From the listing below, copy only the lines from the line that contains "Frendorf | Basset" to the line that contains "蛋仔双旋实验塔零氪玩家通关攻略 火系实验塔阵容推荐", counting those two lines as part of the copy.

Excerpted records:
_ _ _ _ _

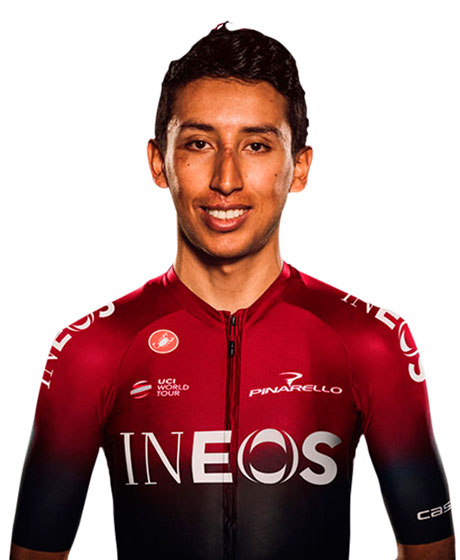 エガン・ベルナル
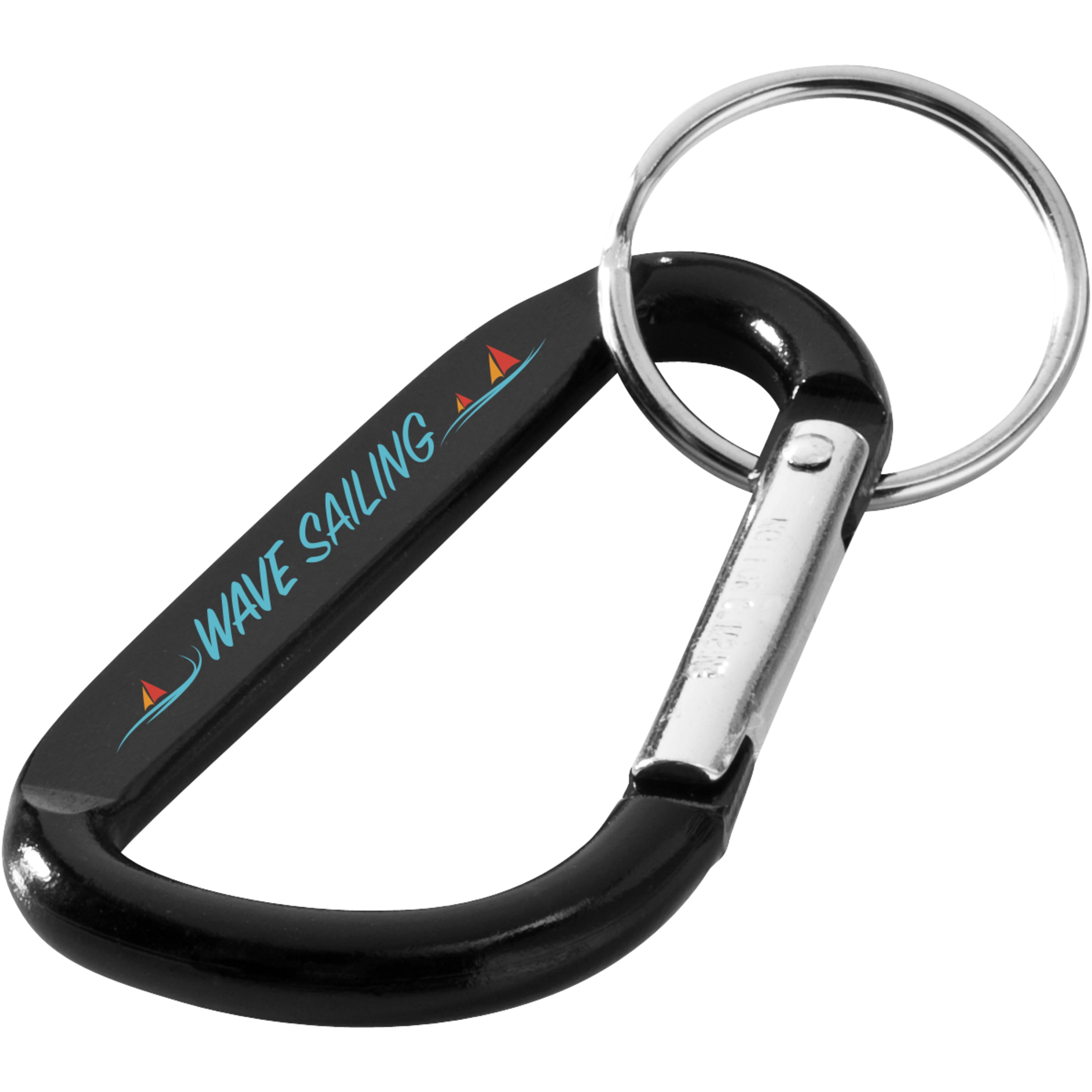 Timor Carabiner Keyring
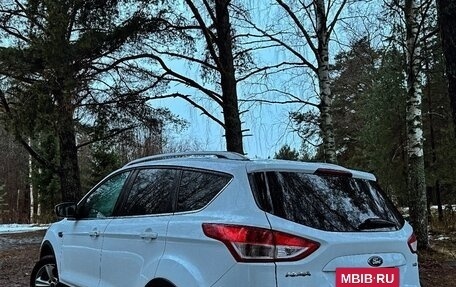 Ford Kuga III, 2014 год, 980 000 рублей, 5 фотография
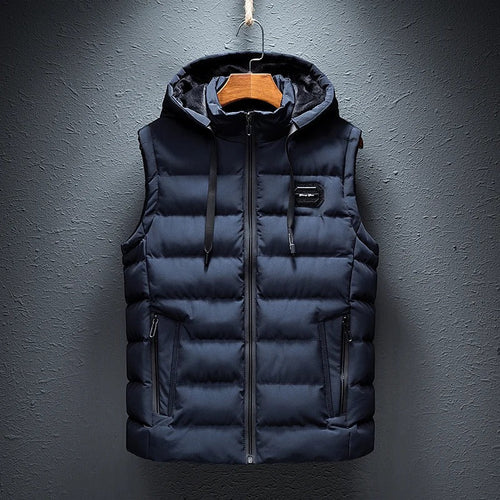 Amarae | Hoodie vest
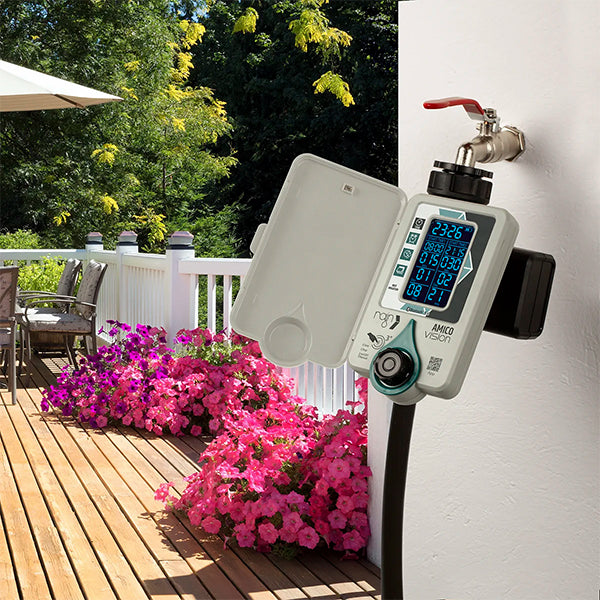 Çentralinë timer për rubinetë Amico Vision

_ _ _ _ _

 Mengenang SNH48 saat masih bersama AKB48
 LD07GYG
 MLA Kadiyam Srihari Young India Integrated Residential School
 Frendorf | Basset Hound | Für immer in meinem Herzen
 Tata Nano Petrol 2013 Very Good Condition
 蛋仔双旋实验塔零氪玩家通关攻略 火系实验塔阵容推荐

_ _ _ _ _

Result of this exercise:
 Frendorf | Basset Hound | Für immer in meinem Herzen
 Tata Nano Petrol 2013 Very Good Condition
 蛋仔双旋实验塔零氪玩家通关攻略 火系实验塔阵容推荐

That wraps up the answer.